Significant Accounting Policy

On January 1, 2018, the Company adopted ASC 606 using the modified retrospective method applied to those contracts which were not completed as of January 1, 2018.  Results for reporting periods beginning after January 1, 2018 are presented under ASC 606, while prior period amounts are not adjusted and continue to be reported in accordance with our historical accounting under ASC 605.  The adoption of ASC 606 represents a change in accounting principle that will more closely align revenue recognition with the transfer of control of the Company's goods and services and provides financial statement readers with enhanced disclosures related to the nature, amount, timing and uncertainty of revenue and cash flows arising from contracts with customers.

In accordance with ASC 606, revenue is recognized when a customer obtains control of promised goods or services.  The amount of revenue recognized reflects the consideration to which the Company expects to be entitled to receive in exchange for these goods and services.

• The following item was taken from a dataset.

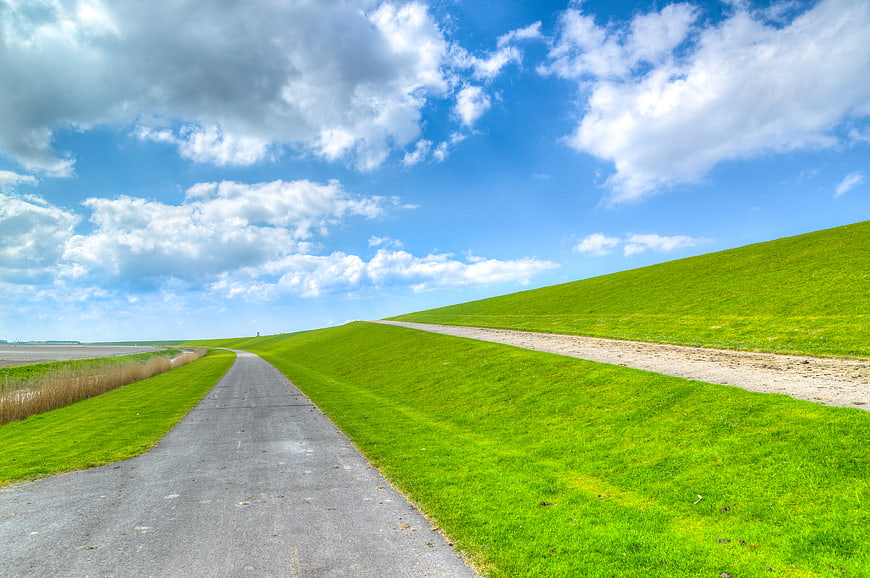 Paved path along a green Dutch dike under blue sky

Taxes assessed by a governmental authority that are both imposed on and concurrent with a specific revenue-producing transaction, that are collected by the Company from a customer, are excluded from revenue.

Shipping and handling costs associated with outbound freight after control over a product has transferred to a customer are accounted for as a fulfillment cost and are included in cost of sales.

Nature of Goods and Services

Our revenues are substantially derived from sales of our products.

In our connectivity solutions product group, we provide high-quality and reliable high-performance connectors and cable assemblies to the aerospace, military/defense, commercial, rugged harsh environment and communication markets.  This group also includes passive jacks, plugs and cable assemblies that provide connectivity in networking equipment, as well as modular plugs and cable assemblies used within the structured cabling system, known as premise wiring.

In our power solutions and protection group, we provide intelligent, efficient and reliable AC-DC and DC-DC power conversion devices and circuit protection products.  Applications range from board-mount power to system-level architectures for servers, storage, networking, industrial and transportation.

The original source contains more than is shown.